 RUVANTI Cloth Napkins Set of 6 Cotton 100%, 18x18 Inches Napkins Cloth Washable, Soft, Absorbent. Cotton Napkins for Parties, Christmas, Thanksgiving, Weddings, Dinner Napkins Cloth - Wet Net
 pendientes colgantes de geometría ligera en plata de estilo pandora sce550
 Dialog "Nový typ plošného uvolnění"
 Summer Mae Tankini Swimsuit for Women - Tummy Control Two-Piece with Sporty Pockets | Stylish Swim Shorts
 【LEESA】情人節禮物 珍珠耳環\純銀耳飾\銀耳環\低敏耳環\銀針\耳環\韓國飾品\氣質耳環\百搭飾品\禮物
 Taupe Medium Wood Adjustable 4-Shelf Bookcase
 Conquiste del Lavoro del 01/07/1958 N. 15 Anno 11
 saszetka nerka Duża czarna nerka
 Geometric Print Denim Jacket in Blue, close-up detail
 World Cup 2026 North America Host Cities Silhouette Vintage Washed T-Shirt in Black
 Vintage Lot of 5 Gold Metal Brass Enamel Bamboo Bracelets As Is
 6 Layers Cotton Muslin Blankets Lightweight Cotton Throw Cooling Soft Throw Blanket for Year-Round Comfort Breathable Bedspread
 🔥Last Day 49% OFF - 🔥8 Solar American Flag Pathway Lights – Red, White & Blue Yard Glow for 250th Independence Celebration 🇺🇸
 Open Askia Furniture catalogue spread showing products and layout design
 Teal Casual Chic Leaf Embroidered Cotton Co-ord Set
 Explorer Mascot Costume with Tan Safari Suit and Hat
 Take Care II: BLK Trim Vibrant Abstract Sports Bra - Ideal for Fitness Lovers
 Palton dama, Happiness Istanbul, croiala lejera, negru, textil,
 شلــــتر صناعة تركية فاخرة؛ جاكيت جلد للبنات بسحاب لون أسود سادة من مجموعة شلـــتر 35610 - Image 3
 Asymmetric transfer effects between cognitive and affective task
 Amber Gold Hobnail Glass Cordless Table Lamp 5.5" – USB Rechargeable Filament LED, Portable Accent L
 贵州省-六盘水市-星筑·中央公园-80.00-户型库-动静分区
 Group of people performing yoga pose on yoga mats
========================================
What is expected —
Reproduce exactly every line that sits between the start of the entries and the line bearing "Vintage Lot of", counting both of those lines.

Response —
 RUVANTI Cloth Napkins Set of 6 Cotton 100%, 18x18 Inches Napkins Cloth Washable, Soft, Absorbent. Cotton Napkins for Parties, Christmas, Thanksgiving, Weddings, Dinner Napkins Cloth - Wet Net
 pendientes colgantes de geometría ligera en plata de estilo pandora sce550
 Dialog "Nový typ plošného uvolnění"
 Summer Mae Tankini Swimsuit for Women - Tummy Control Two-Piece with Sporty Pockets | Stylish Swim Shorts
 【LEESA】情人節禮物 珍珠耳環\純銀耳飾\銀耳環\低敏耳環\銀針\耳環\韓國飾品\氣質耳環\百搭飾品\禮物
 Taupe Medium Wood Adjustable 4-Shelf Bookcase
 Conquiste del Lavoro del 01/07/1958 N. 15 Anno 11
 saszetka nerka Duża czarna nerka
 Geometric Print Denim Jacket in Blue, close-up detail
 World Cup 2026 North America Host Cities Silhouette Vintage Washed T-Shirt in Black
 Vintage Lot of 5 Gold Metal Brass Enamel Bamboo Bracelets As Is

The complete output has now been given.